Brooks also asserts that "growing evidence suggests average workers are not seeing the benefits of their productivity gains--that the market is broken and requires heavy government correction. Friedman's heirs have been avoiding this debate. They're losing it badly and have offered no concrete remedies to address the problem, if it is one."
Claims like those made by Brooks are designed to elicit a response. So here I take the bait.
The following list reflects my biases as being interested in political economy and notions of justice and fairness as they relate to economic dynamism. Not all of the authors are Friedman's heirs and not all of them speak directly to concerns over inequality -- although most of them do either directly or tangentially. Either way, these books are "big" and important and our political debates would benefit if greater attention is paid to them. All of them have appeared in the last 15 years. They are not in any particular order of importance.
Brink Lindsey, Against the Dead Hand
Robert Fogel, The Escape From Hunger and Premature Death
William Lewis, The Power of Productivity
Joel Mokyr, The Gifts of Athena
Joel Mokyr, The Lever of Riches
Virginia Postrel, The Future and Its Enemies
William Easterly, The Elusive Quest for Growth
Richard Herrnstein, Charles Murray, The Bell Curve
Charles Murray, What It Means to Be a Libertarian
Charles Murray, In Our Hands
Arnold Kling, Learning Economics
Hernando de Soto, The Mystery of Capital
CK Prahalad, The Fortune at the Bottom of the Pyramid
Deirdre McCloskey, The Bourgeois Virtues: Ethics For an Age of Commerce
Bjorn Lomborg, The Skeptical Environmentalist
Jerry Muller, The Mind and the Market
Richard Thaler, The Winner's Curse
David Warsh, Knowledge and the Wealth of Nations
Jared Diamond, Guns, Germs, and Steel
Michael Cox, Richard Alm, Myths of Rich and Poor
Jonathan Rauch, Demosclerosis
Bryan Caplan, The Myth of the Rational Voter (forthcoming)

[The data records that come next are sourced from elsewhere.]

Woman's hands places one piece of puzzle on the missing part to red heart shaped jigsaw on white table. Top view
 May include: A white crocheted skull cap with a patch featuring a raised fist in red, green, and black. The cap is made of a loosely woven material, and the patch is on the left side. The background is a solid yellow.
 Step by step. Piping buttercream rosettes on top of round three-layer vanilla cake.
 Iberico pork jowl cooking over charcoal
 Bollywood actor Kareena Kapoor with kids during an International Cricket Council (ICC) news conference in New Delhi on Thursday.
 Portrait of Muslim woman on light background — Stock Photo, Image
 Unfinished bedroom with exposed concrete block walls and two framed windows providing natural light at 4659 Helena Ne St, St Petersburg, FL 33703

Steven Pinker, The Blank Slate
Ray Kurzweil, The Singularity Is Near
Andy Kessler, How We Got Here
Carl Schramm, The Entrepreneurial Imperative
Michael Hardt, Antonio Negri, Empire
One thing that Brooks does better than most columnists today is push his readers to think more deeply and challenge them to look for answers to problems he raises. It's what all good columnists should do, rather than try to shove answers and opinions down readers' throats. I know I am missing a few, but this list of books is a good place to start to understand some of the concerns Brooks raises.
Lastly, I'd be remiss if I didn't add Bobos in Paradise: The New Upper Class and How They Got There. That's another big book. Now all Brooks needs to do is start blogging.